The Tolmer system now comprises shallow, silver-dominant mineralisation underlain by a deeper gold–silver horizon—both of which remain open along strike.
Wudinna Integration and Metallurgical Success
Barton finalised its acquisition of the Wudinna gold project from Cobra Resources, adding 279,000oz to its SA resource base, which now totals 2.14Moz gold.
Metallurgical test work achieved recoveries up to 99.3% and demonstrated the potential to produce a high-grade concentrate for trucking to the Central Gawler Mill or future Tunkillia plant.
The results open the door to regional blending opportunities, with Wudinna positioned 400–600km from Tunkillia and 600–850km from the mill depending on transport route.
Capital Strength and Corporate Growth
Barton held $6.3m in cash at 30 September, increasing to $20m post-quarter after completion of the $15m placement at $1.25 per share — a 7.6% premium to its 20-day volume-weighted average price.
US investment fund Franklin Templeton led the placement, and the company also launched a $2.5m share purchase plan for existing shareholders at the same issue price.

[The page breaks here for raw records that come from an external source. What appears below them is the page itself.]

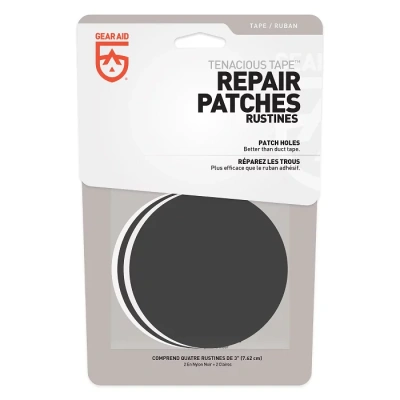 Комплект заплаток Gear Aid REPAIR PATCHES d7,62см (3шт.)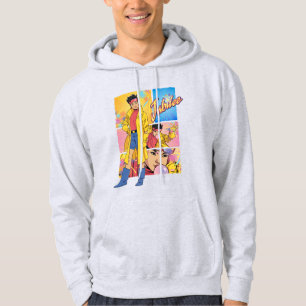 Jubilee Character Panel Graphic Hoodie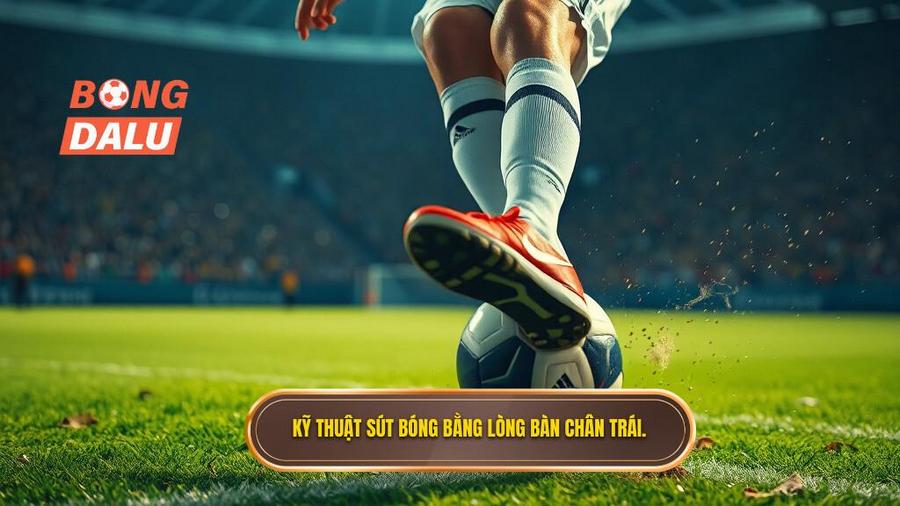 Tại sao kỹ thuật sút bóng bằng lòng bàn chân trái lại quan trọng?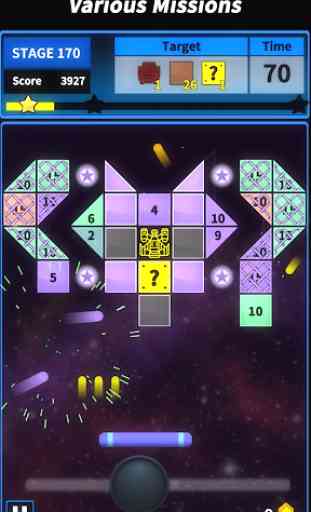 Bouncy Laser 2 - Brick Breaker Puzzle 2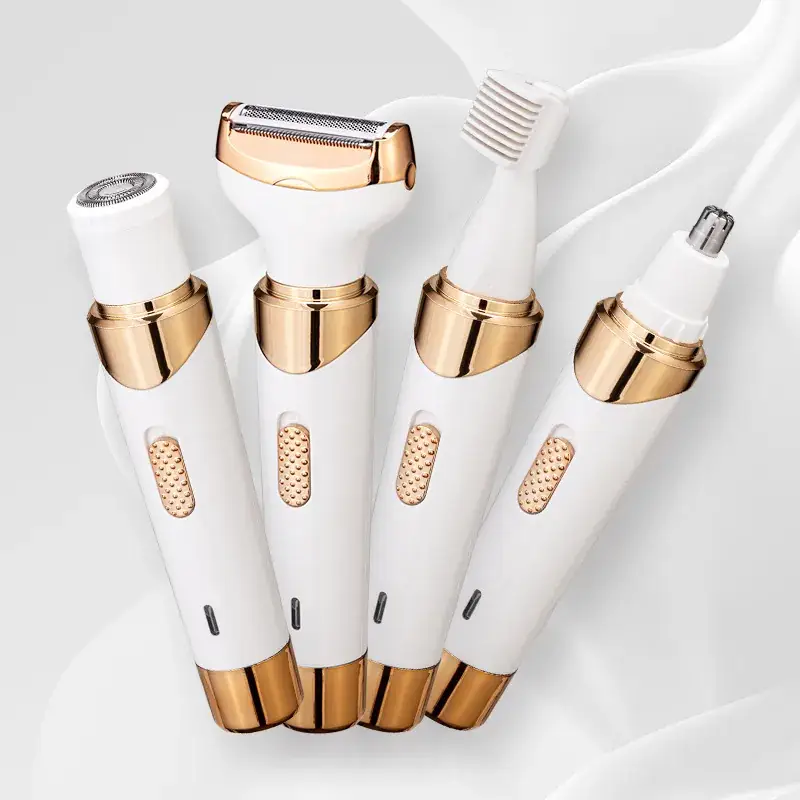 Electric Female Shaver with 5 Attachments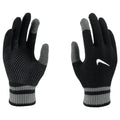Black - Front - Nike Mens Y Gripped Knitted Gloves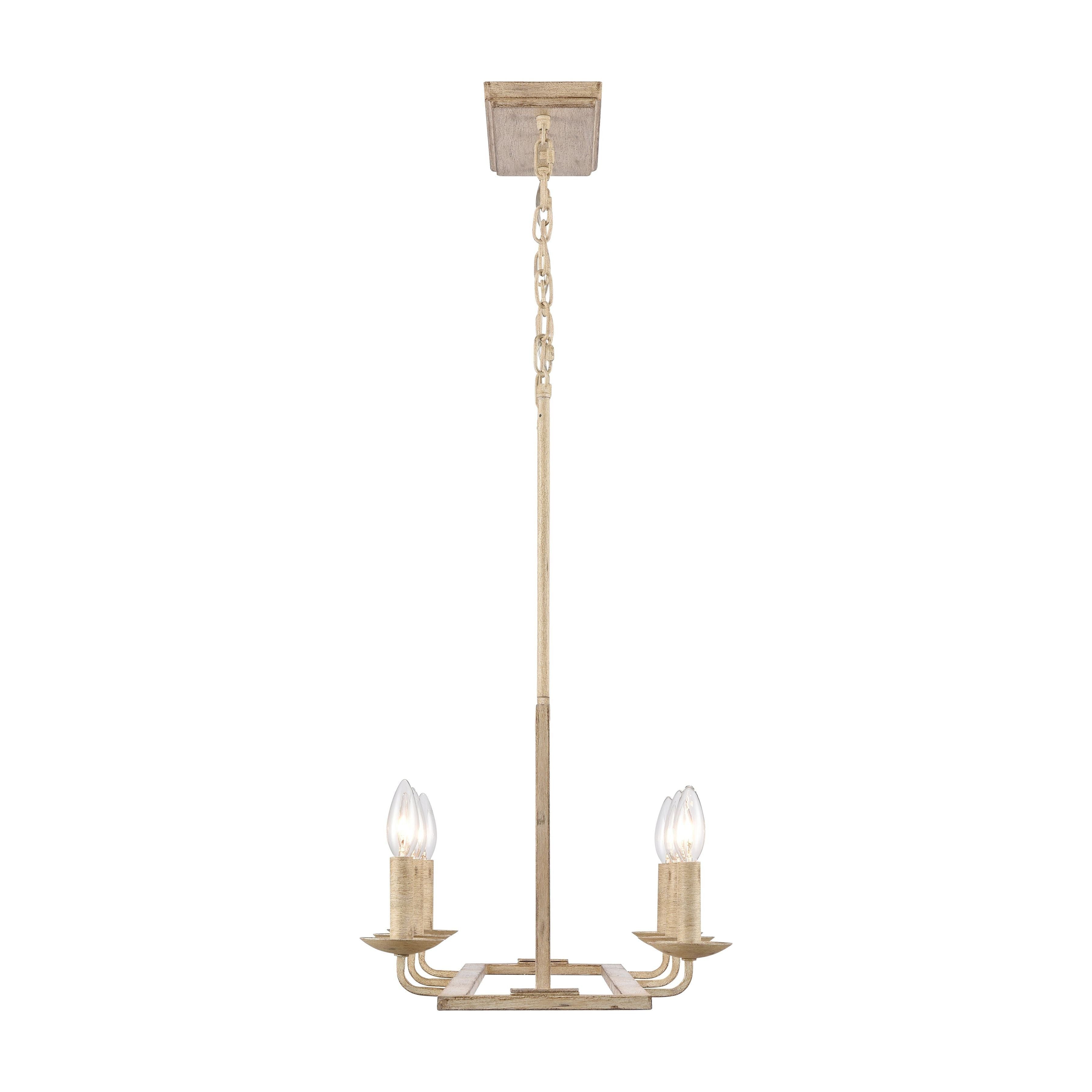 Ellisville 34" Wide 6-Light Chandelier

Barton outlaid a total of $2.3m exploration and project expenditure during the quarter on a range of activities including Tunkillia and Challenger MRE upgrade work, preliminary studies on the CGM, evaluation of the Tolmer discovery, and the acquisition of Wudinna.
Mr Scanlon said Barton’s integrated regional model — linking the Central Gawler Mill, Tunkillia, Tarcoola, and Wudinna projects — positions the company for a low-risk, staged growth pathway toward production of more than 150,000oz of gold per annum.